Gold Brands’ share price tumbled 9% in intraday trade on Monday following an announcement by the company that it had secured a franchising deal with UK-based Casual Dining Group (CDG).
The move comes at a time when consumers remain under pressure and are moving their spend to essentials. As a result, the restaurant market has become highly competitive and the only stores that are doing well in this category are those with niche offerings — as seen from Statistics SA data.

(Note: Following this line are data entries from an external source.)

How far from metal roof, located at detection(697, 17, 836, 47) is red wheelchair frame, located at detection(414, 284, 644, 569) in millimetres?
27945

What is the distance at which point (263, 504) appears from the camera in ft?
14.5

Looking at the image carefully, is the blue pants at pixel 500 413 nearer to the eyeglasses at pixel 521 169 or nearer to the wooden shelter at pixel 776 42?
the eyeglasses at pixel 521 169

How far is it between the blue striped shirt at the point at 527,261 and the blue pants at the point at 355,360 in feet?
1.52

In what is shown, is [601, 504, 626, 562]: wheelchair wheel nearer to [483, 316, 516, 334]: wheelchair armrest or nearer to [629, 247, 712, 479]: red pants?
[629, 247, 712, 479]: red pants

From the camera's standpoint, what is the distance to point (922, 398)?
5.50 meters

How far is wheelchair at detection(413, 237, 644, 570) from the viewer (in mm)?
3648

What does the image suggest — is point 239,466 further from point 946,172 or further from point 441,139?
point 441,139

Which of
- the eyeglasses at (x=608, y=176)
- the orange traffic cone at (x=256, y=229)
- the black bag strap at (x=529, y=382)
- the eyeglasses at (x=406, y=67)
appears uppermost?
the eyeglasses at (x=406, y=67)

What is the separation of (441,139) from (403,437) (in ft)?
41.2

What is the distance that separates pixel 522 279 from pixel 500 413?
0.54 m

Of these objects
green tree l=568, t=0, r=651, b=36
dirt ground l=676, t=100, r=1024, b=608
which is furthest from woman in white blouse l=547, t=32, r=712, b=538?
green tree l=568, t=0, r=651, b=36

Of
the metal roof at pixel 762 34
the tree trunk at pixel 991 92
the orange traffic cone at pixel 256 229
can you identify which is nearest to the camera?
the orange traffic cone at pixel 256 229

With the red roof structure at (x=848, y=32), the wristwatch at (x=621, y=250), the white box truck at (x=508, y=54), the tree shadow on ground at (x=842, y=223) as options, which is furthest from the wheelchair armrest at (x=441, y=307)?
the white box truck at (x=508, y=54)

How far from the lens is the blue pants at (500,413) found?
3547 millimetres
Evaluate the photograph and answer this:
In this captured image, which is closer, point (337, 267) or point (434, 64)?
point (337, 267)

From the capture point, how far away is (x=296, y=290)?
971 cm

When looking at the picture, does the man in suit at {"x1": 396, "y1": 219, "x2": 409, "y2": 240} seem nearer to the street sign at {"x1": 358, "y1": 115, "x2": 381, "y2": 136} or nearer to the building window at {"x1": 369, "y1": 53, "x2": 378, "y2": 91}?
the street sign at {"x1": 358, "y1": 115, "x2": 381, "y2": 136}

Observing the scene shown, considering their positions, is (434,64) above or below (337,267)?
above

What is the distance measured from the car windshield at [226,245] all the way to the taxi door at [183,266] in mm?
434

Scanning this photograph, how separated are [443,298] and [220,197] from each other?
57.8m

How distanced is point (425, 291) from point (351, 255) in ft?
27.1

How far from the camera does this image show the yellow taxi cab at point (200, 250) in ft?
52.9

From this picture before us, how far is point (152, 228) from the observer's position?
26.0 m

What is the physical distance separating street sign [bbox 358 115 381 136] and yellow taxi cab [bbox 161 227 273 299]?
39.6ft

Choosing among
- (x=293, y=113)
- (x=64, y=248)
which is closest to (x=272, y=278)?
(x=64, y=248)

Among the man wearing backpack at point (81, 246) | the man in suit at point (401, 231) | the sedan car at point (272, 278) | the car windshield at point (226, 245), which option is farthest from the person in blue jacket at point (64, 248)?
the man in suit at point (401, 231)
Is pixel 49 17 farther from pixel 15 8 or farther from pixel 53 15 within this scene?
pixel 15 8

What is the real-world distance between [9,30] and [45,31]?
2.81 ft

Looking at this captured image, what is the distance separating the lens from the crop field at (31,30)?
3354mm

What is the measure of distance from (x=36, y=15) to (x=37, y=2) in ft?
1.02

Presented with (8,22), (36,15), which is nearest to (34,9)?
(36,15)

The Alt-X listed investment house said it would pay about R829,000 to introduce CDG’s brands Bella Italia, Café Rouge, Las Iguanas and Belgo exclusively into SA, with the first store scheduled to open during the course of 2017. A minimum of 20 restaurants would be opened across the country in the next five years, the company said.
Gold Brands said the deal would offer customers unique and authentic brands with unbeatable value. It said the CDG brands would also give the company exposure to higher income customer segments.

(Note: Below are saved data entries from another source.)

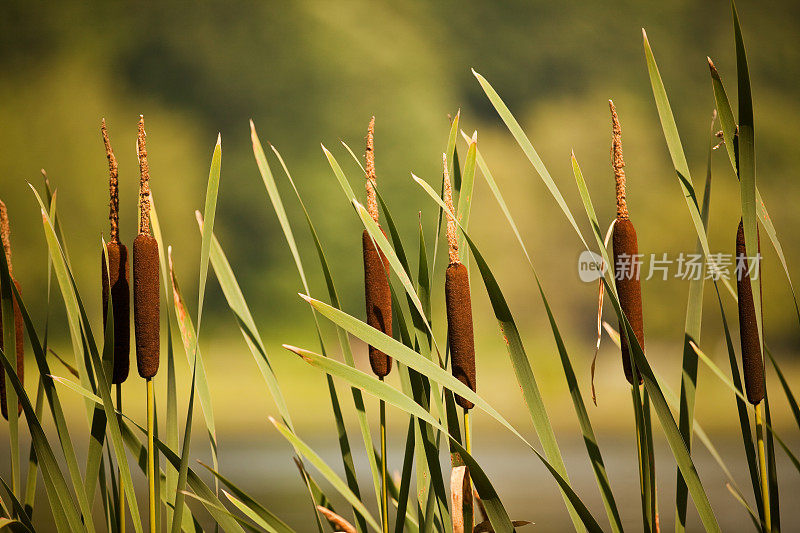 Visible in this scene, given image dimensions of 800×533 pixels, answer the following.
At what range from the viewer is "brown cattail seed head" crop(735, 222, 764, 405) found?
0.55 m

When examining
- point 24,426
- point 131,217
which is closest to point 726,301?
point 131,217

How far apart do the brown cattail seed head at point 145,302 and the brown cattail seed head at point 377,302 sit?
7.1 inches

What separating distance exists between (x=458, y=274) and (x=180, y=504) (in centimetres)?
30

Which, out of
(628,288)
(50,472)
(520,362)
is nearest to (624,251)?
(628,288)

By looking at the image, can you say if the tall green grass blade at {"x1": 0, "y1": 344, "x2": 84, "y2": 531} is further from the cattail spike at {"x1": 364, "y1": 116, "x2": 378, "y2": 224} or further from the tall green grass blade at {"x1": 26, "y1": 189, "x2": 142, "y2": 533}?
the cattail spike at {"x1": 364, "y1": 116, "x2": 378, "y2": 224}

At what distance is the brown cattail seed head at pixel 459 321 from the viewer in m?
0.52

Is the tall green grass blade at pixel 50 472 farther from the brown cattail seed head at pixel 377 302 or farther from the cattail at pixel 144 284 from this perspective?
the brown cattail seed head at pixel 377 302

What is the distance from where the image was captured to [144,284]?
54 centimetres

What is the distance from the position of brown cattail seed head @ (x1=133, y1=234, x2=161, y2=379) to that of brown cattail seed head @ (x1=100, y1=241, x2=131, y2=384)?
0.9 inches

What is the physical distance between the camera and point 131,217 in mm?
1939

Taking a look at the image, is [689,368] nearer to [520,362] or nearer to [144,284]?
[520,362]

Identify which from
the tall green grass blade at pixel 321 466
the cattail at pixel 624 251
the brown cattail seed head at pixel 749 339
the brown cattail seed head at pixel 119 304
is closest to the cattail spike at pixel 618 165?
the cattail at pixel 624 251

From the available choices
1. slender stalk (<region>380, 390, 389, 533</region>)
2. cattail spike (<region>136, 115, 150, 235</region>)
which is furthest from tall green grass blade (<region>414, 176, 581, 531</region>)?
cattail spike (<region>136, 115, 150, 235</region>)

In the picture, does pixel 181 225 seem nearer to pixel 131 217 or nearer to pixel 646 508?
pixel 131 217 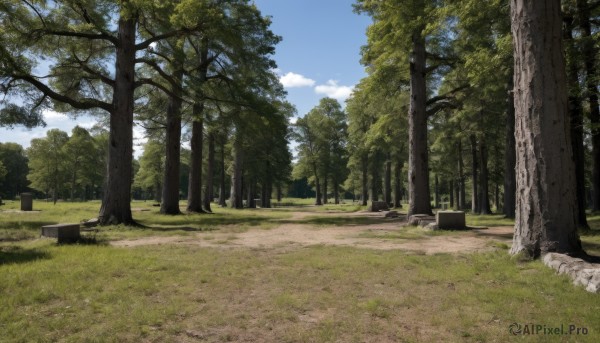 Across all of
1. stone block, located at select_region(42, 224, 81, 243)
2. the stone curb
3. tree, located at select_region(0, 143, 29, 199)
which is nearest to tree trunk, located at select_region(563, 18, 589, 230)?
the stone curb

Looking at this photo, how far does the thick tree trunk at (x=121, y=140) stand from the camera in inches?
612

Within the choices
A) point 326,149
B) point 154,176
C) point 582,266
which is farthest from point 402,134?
point 154,176

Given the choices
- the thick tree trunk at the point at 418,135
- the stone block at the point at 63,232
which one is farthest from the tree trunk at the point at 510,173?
the stone block at the point at 63,232

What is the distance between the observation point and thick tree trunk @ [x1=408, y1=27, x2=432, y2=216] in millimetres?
17562

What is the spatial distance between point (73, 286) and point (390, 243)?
7.68 metres

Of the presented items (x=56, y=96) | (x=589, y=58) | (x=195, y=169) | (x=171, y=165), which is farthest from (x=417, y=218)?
(x=56, y=96)

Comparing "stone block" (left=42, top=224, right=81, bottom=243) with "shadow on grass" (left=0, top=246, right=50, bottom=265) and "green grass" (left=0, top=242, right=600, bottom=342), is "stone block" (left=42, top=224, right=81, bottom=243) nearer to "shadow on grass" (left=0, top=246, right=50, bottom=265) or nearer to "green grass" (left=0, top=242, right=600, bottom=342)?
"shadow on grass" (left=0, top=246, right=50, bottom=265)

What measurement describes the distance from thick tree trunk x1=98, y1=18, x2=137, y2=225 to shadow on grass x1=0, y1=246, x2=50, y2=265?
619 centimetres

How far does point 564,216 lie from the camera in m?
7.51

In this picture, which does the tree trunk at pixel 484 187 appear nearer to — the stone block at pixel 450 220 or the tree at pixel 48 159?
the stone block at pixel 450 220

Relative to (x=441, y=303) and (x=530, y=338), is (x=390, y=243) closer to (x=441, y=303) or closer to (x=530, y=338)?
(x=441, y=303)

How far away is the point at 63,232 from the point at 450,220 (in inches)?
459

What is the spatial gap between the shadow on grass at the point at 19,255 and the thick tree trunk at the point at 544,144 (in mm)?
9274

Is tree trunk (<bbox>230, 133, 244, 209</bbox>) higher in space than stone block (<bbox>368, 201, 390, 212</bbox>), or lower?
higher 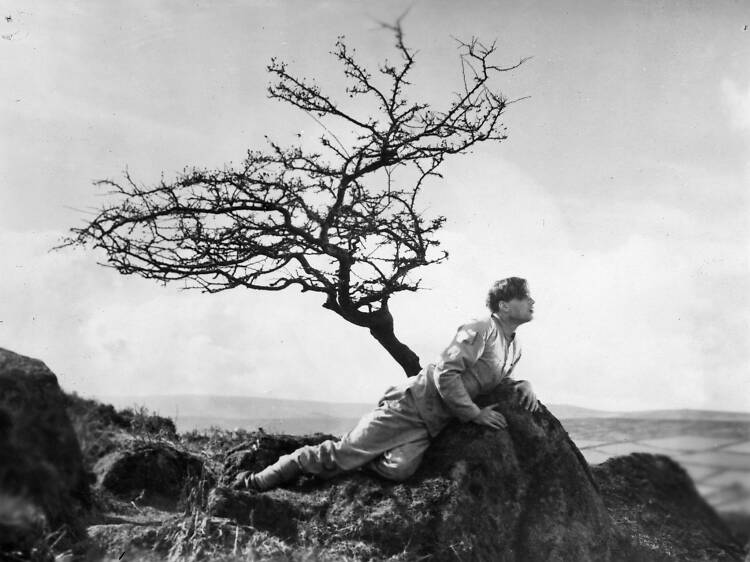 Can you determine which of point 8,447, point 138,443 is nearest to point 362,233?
point 138,443

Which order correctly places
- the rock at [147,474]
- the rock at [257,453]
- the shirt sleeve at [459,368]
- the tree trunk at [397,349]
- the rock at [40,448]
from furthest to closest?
the tree trunk at [397,349] → the rock at [147,474] → the rock at [257,453] → the shirt sleeve at [459,368] → the rock at [40,448]

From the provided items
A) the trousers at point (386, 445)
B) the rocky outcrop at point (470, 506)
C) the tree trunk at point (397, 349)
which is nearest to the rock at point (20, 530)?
the rocky outcrop at point (470, 506)

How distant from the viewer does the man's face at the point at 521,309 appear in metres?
5.87

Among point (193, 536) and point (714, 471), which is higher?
point (714, 471)

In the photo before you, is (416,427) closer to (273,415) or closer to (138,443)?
(138,443)

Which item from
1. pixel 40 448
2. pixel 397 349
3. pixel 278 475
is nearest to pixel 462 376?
pixel 278 475

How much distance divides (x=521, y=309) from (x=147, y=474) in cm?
348

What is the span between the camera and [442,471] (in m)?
5.68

“We believe that this partnership with CDG will deliver on a real need in the South African market where customers want new, interesting and exciting dining experiences,” said Gold Brands CEO Praxia Nathanael.
Gold Brands is the owner of 1+1 Pizza, Opa!Pitaland, Chesanyama, Chicken Wild Wings and Blacksteer.
Nathanael said the deal with CDG followed the consolidation of the Chesanyama store base, which would help the company to enhance the quality of its franchise network.
“With this process in place, combined with CDG’s proven concepts, we see exciting growth opportunities for the company,” he said.
Gold Brands listed on the Alt-X a year ago at a price of R2. Shares are currently trading at 75c, valuing the company at about R85m.